Cleveland’s skyline features the towering smokestacks and rusty structures of the steel plant near downtown. It’s part of the city’s history and character. And for the plant’s lifers, like Sharon Daniels, being a steelworker is part of their identity too.
Daniels came to work in steel by accident.
“I just was in the parking lot, in the car, with a friend who put in an application and they were like, 'come in, they're hiring women,' so I put in an application and lo and behold they called me,” says Daniels.
That was 1976. Today she’s 60 and nearing retirement. We spoke in in the office building next to the plant’s hot strip mill. It shook every few minutes as steel slabs came out of the furnaces and onto the tables where they’re flattened, smoothed and rolled up for shipment.
This is where Daniels started 40 years ago. And she’s stayed here the whole time. The hot strip mill’s manager, Joe Palmer, says the hiring process nowadays isn’t quite so simple.
“There's computer tests that they take, then there's interviews that you go on, there's fitness things that we do here,” says Palmer.
Daniels says she had to pass a math test and that was it. She started as a walking recorder, delivering the day’s production schedule to each part of the mill. Now these schedules show up on computer screens. Next she was a bander burner, checking the steel at the end of the line.

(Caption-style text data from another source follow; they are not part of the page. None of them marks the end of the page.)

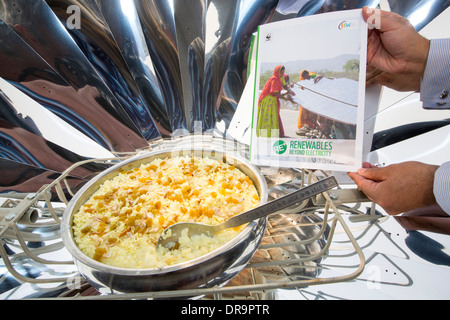 Ein Solarkocher Kochen in den Büros des WWF Indien in Delhi, Indien verwendet wird. Stockfoto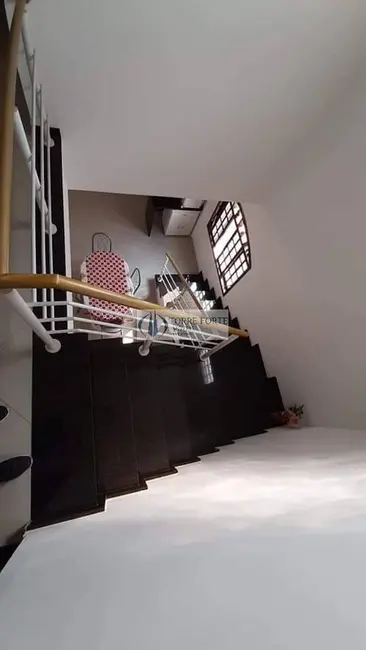 Foto 8 de Casa com 4 quartos à venda, 300m2 em Vila Pilar, Aruja - SP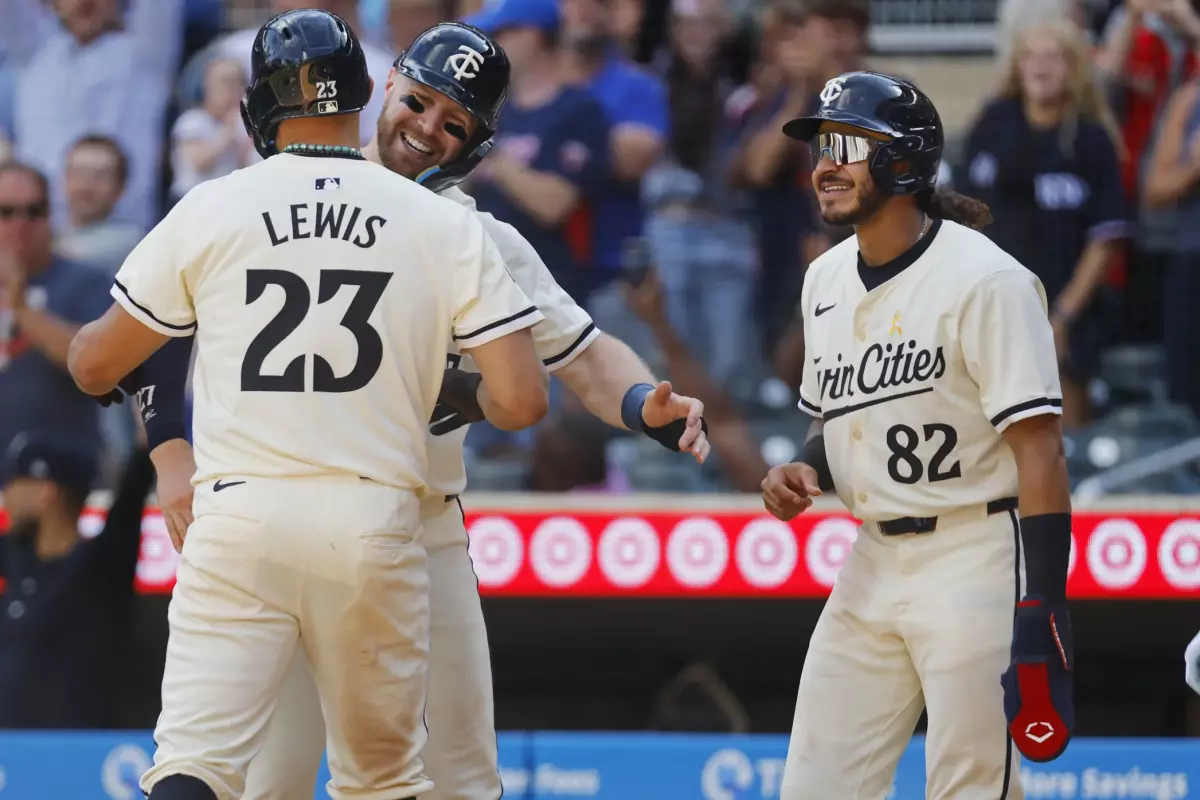 Cash this Royce Lewis Prop vs Rays 9/2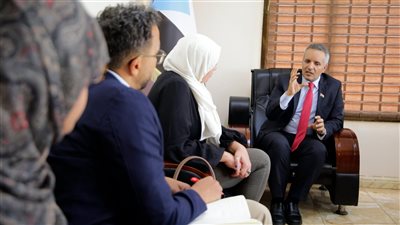 اليافعي يؤكد دعم المجلس الانتقالي لجهود إحلال السلام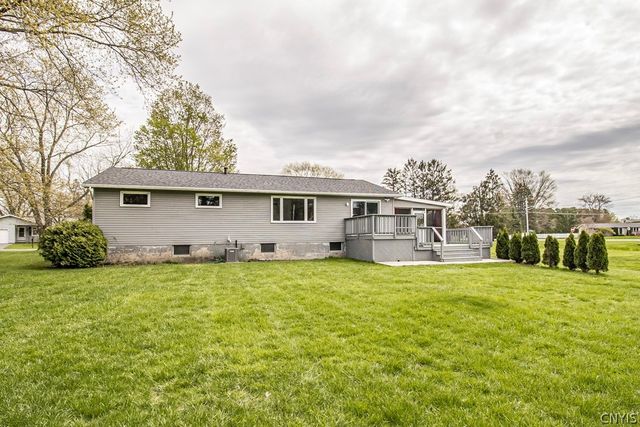 403 Stillwell Circle, Dewitt, NY 13057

“You take a torch and you'd light it with a striker and you heat up the steel, when it turns a little orange, like a yellow orange, you apply pressure to the nozzle and it burns right through the strip,” says Daniels.
Those jobs don’t exist anymore. Neither does gager or roll hand or shearman. Now there’s just two: senior operations technician and operations technician, those positions cover it all. Technology is part of the reason tasks have been consolidated into fewer jobs. There are things like improved sensors, cameras and controls for setting the thickness of the slab.
Daniels points to one of those subtle changes while standing at the wall of monitors and control panels in an office above the floor of the mill.
“You see that little button on the top of the mill going back and forth - so the gage or the screws which control the mill, they go back and forth to make the gage what the customer ordered,” says Daniels.
Another change happened after the plant closed down in 2001. The owner at the time, LTV Steel, lost money for years, unable to produce steel that met their customers’ requirements. So Daniels was laid off, for the first time in 25 years.
“It was kind of unbelievable because it had never happened and then we had foremen from other departments coming over here, saying goodbye, they were in tears,” says Daniels. “So it wasn't until I actually left out of here, got out of here, that I said, wow, it happened .”
Five months later, she returned with a different view of her employers, including her current one, ArcelorMittal CEO and United Kingdom-based billionaire Lakshmi Mittal.
“They bailed on us,” says Daniels. “Sold us down the river to somebody who works, lives overseas, some millionaire, meaning Mr. Mittal, who doesn't I don't think care anything about us particularly.”
Daniels is 60 and is emblematic of a bigger challenge that Arcelor Mittal in Cleveland faces – the average age of their employees is 51. So they’ve started mentorships and recruiting in colleges to fill jobs that people like Daniels used to land in by accident. It’s not clear if it’ll ever be a ‘job-for-life’ business again.